Since we had noticed substantial DNA contamination in SDS, Triton
X-100 was used in the protein solubilization step. Direct conventional
PCR was performed successfully on heat-denatured samples
and able to detect 25 ng/ml DNA, indicating that this simple
procedure offered sufficient protein digestion and inhibitor elimination
for PCR analysis. The THP protocol gave a significantly
higher yield of pure DNA solution for qPCR analysis than the
QIAamp kit. The THP protocol showed high efficiency even with
small DNA fragments as low as 100 bp.
You might want to read this:
Xue, Xiaoyan, et al. "Optimizing the yield and utility of circulating cell-free DNA from plasma and serum." Clinica Chimica Acta 404.2 (2009): 100-104.
A quick search of google scholar also revealed a few other papers you might be interested in:
Fleischhacker, Michael, et al. "Methods for isolation of cell-free plasma DNA strongly affect DNA yield." Clinica Chimica Acta 412.23 (2011): 2085-2088.
After reading this (Fong, Siew Lee, et al. "Comparison of 7 methods for extracting cell-free DNA from serum samples of colorectal cancer patients." Clinical chemistry 55.3 (2009): 587-589.) which gives about 7 protocols (sadly without any references for some reason) I went hunting for came up with this:
DNA was extracted from 1.0 ml plasma by phenol-chloroform method with slight modifications.
One ml of plasma was treated with 1x SDS/Proteinase K solution (0.5 mg/ml) (1:1), incubated
overnight at 56 °C followed by phenol-chloroform (4:1) treatment and centrifuged at 7 000 rpm.
The upper layer was transferred into fresh 15 ml centrifuge tubes and the same step was repeated
again; DNA was precipitated by adding glycogen (0.1 µg/µl), ammonium acetate (7.5 M) and
absolute alcohol.
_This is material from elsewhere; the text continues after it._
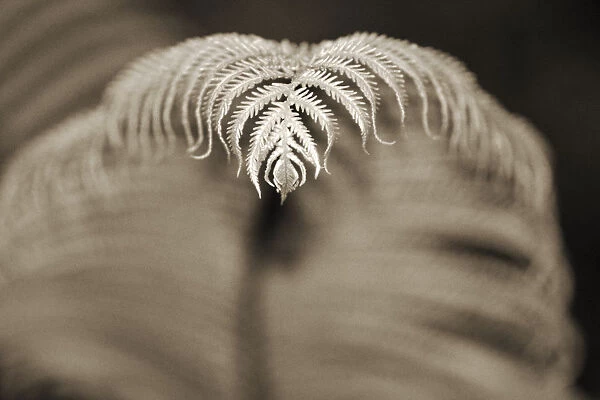 Hawaii, Big Island, Closeup of hapu u tree fern tip, Selective focus (black and white photograph)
DNA pellet was obtained by centrifuging at 7 000 rpm; was washed with 70%
alcohol at 10 000 rpm, dried and finally dissolved in TE buffer at 56 °C and stored at -20 °C until
You can read about the above method here: Singh, Deepika Misra1 Renu, and Monisha Banerjee. "A simple and reliable method of obtaining fetal DNA from maternal circulation; its accuracy and sensitivity."
Also, if its available to you, it might be worth it:
Gahan, Peter B., ed. Circulating Nucleic Acids in Early Diagnosis, Prognosis and Treatment Monitoring: An Introduction. Vol. 5. Springer, 2014.